11.24.10
Posted in Updates at 6:20 pm by Todd Wilson
Changes in this release:
- Fixed a bug on Mac OS X where an overwrite prompt was not being given in exporting scraping sessions.
- Fixed a message formatting issue in certain script errors.
- Fixed an issue with anonymous proxies being terminated externally.
You can view a cumulative list of changes since 5.0 on our
Change Log page.
Permalink
11.23.10
Posted in Thoughts at 5:19 pm by Todd Wilson
One of the main aspects that I think differentiates screen-scraper from many other solutions is its ability to handle large-scale scraping needs. Additionally, it was designed from the ground up to integrate with other systems, so it generally fits nicely into most any existing setup.
If you’re doing a simple one-off data extraction project screen-scraper could certainly handle it, but, truthfully, you may be better off with something that’s a little more quick-and-easy. On the contrary, if you’re looking to pull data from multiple web sites, and need the extracted data to be made available to other solutions, screen-scraper is an excellent option. There are many solutions out there that may get you up and running fairly quickly, but would fall apart when faced with some of the jobs screen-scraper tackles.
Along these lines we’ve added a new Enterprise-Ready page to our site that summarizes some of what screen-scraper can do. If you need big iron for your project, take a close look at what screen-scraper offers.
Permalink
11.12.10
Posted in Updates at 4:13 pm by Todd Wilson
Changes:
- Based on feedback, now allowing running the screen-scraper workbench and server simultaneously by adding the “AllowMultipleSimultaneousInstances” property to the screen-scraper.properties file.
- Fixed a bug where screen-scraper would freeze up when very large requests were included in proxy sessions and scrapeable files.
- Fixed a bug where space characters in URL’s would generate an error.
Permalink
11.11.10
Posted in Tips at 7:31 pm by scottw
Lately we find an increasing need to anonymize our scraping sessions. So, as necessity is the mother of invention, we have created and adopted a handful of different approaches to keep our scrapes up and running.
Keep in mind, the only way to block a web crawler is for a website’s server to refuse connections from an offending IP address.
Proactive Anonymization
This approach is used before any blocking has occurred. Ideally, a proactive approach would be the only technique needed.
Using screen-scraper’s Anonymization Service set up your scraping session to spawn between 3-5 proxy servers when it starts. Create a script whose job it is to shutdown and spawn anew a proxy server at a random interval (say, every 3-5 minutes).

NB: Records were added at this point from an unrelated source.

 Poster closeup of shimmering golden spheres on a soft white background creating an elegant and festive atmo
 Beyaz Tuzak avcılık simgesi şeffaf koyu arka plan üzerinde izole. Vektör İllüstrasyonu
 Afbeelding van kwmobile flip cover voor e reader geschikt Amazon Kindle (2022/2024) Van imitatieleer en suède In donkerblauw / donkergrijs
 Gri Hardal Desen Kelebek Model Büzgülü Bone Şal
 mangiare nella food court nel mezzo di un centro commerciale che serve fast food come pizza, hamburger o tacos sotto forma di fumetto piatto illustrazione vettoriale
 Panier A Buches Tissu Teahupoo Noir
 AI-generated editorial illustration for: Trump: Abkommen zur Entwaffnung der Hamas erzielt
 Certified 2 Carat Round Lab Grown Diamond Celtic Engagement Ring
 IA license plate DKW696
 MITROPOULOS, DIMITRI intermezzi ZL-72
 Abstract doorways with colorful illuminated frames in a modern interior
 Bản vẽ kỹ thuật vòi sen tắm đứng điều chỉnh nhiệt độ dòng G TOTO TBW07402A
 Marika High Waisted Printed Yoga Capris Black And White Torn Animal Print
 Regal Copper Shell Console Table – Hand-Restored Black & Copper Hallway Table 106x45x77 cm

It is also useful to switch up the User Agent at least each time you switch out a proxy. It can be even more effective if you switch it up on every request.
Similarly, when possible, you can change your referrer to a random URL that is off of the target domain. This makes it appear as though a different user is entering the site from an external source (typically considered positive traffic).
Reactive Anonymization
This is necessary once a site starts blocking your IP address.
The first approach is to use screen-scraper’s built-in Anonymization Service. The current implementation makes use of Amazon EC2 servers as proxies. Because we make use of Amazon’s Linux EC2 instances we have access to Squid, a popular proxy server already installed.
A limitation to using Amazon’s EC2 is that they reside in a finite and predictable block of IP addresses. We have had a number of sites block Amazon EC2’s wholesale.
After Amazon EC2’s are no longer effective you can make use of three other ad-hoc techniques.
Tor: The Tor network is spread widely across many different nodes and can prove difficult (almost impossible) to block. However, because of the vast distribution across any type of web server (with varying internet speeds) the relay speed is roughly 1/10th that of a normal connection. But, it’s free.
I2P2: Similar to Tor but a bit better maintained. This means faster connections. However, there are many fewer proxy nodes and fewer IP addresses to block. But, it’s free.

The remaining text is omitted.